Recent advances in image clustering typically focus on learning better deep representations. In contrast, we present an orthogonal approach that does not rely on abstract features but instead learns to predict transformations and performs clustering directly in image space. This learning process naturally fits in the gradient-based training of K-means and Gaussian mixture model, without requiring any additional loss or hyper-parameters. It leads us to two new deep transformation-invariant clustering frameworks, which jointly learn prototypes and transformations. More specifically, we use deep learning modules that enable us to resolve invariance to spatial, color and morphological transformations. Our approach is conceptually simple and comes with several advantages, including the possibility to easily adapt the desired invariance to the task and a strong interpretability of both cluster centers and assignments to clusters. We demonstrate that our novel approach yields competitive and highly promising results on standard image clustering benchmarks. Finally, we showcase its robustness and the advantages of its improved interpretability by visualizing clustering results over real photograph collections.

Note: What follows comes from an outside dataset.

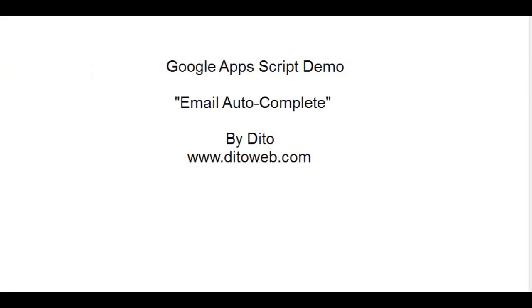Hello, this is Steve Webster from Dido of DidoWeb.com. This is a how-to demonstration video on one of the app scripts we've recently written and we're sharing it to the public. This script is called Email Auto-Complete. So let's get started.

**Partially View-aligned Clustering**

Zhenyu Huang · Peng Hu · Joey Tianyi Zhou · Jiancheng Lv · Xi Peng

In this paper, we study one challenging issue in multi-view data clustering. To be specific, for two data matrices $\mathbf{X}^{(1)}$ and $\mathbf{X}^{(2)}$ corresponding to two views, we do not assume that $\mathbf{X}^{(1)}$ and $\mathbf{X}^{(2)}$ are fully aligned in row-wise. Instead, we assume that only a small portion of the matrices has established the correspondence in advance. Such a partially view-aligned problem (PVP) could lead to the intensive labor of capturing or establishing the aligned multi-view data, which has less been touched so far to the best of our knowledge. To solve this practical and challenging problem, we propose a novel multi-view clustering method termed partially view-aligned clustering (PVC). To be specific, PVC proposes to use a differentiable surrogate of the non-differentiable Hungarian algorithm and recasts it as a pluggable module. As a result, the category-level correspondence of the unaligned data could be established in a latent space learned by a neural network, while learning a common space across different views using the ``aligned'' data. Extensive experimental results show promising results of our method in clustering partially view-aligned data.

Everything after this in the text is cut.